▶ _PROBLEM STATEMENT_: Take each line from the entries that holds "Skirt" and copy it out.

▶ _DATA TO USE_:
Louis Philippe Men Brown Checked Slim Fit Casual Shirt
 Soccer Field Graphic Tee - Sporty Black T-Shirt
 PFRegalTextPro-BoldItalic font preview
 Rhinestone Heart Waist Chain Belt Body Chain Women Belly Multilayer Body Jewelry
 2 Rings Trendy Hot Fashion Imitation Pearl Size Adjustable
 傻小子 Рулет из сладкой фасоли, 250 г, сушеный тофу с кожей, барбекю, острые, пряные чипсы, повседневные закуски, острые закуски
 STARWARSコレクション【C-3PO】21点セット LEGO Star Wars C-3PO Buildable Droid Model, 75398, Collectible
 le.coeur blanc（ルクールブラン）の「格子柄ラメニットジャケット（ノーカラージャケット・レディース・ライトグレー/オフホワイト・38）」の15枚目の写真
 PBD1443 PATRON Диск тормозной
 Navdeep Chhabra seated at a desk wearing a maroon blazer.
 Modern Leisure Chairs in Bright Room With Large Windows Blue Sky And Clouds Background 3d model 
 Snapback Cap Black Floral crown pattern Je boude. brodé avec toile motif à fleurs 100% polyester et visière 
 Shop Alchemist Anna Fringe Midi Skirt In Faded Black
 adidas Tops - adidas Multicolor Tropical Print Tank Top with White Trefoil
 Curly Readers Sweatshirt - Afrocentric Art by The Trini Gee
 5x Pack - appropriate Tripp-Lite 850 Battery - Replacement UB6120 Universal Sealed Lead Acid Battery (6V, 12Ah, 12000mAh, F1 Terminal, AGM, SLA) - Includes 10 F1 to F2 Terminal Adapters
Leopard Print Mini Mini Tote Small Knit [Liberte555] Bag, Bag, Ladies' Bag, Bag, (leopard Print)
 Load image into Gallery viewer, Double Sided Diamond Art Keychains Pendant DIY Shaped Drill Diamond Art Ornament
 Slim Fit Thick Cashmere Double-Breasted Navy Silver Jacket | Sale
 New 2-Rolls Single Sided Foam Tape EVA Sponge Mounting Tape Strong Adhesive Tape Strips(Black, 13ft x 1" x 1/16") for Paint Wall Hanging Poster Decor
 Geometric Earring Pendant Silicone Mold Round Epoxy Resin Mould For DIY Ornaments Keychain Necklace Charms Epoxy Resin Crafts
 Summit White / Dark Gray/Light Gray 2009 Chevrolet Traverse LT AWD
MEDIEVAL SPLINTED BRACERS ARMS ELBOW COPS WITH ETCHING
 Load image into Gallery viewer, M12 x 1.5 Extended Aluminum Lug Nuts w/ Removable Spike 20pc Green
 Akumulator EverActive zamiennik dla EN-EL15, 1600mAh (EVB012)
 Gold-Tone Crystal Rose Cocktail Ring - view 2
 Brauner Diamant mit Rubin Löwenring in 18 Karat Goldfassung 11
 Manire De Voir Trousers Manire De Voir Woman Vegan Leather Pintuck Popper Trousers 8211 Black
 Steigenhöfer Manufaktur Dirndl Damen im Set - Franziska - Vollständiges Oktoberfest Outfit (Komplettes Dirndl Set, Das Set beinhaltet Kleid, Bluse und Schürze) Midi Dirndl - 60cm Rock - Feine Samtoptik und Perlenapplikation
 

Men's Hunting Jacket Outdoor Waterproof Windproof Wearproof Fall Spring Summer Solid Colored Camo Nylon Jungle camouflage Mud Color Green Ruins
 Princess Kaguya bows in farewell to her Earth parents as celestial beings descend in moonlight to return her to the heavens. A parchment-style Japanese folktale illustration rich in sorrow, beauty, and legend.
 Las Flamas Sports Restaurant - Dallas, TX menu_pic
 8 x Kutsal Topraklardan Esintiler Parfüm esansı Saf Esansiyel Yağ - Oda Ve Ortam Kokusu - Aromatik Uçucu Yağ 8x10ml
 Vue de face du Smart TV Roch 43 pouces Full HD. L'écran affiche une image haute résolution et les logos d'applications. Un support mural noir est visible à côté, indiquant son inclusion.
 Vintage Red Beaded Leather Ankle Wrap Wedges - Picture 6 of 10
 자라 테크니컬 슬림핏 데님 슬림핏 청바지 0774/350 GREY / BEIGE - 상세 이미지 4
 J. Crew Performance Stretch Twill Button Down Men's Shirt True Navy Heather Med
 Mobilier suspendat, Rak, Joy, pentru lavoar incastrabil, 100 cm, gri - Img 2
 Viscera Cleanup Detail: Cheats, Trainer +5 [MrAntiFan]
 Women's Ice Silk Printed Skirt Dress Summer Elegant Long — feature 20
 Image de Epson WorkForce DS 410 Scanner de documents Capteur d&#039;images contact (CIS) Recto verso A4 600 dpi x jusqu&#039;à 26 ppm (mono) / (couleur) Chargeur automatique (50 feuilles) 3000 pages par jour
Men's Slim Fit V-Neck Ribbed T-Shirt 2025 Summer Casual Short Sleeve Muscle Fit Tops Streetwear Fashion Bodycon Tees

▶ _YOUR RESPONSE_:
 Shop Alchemist Anna Fringe Midi Skirt In Faded Black
 Women's Ice Silk Printed Skirt Dress Summer Elegant Long — feature 20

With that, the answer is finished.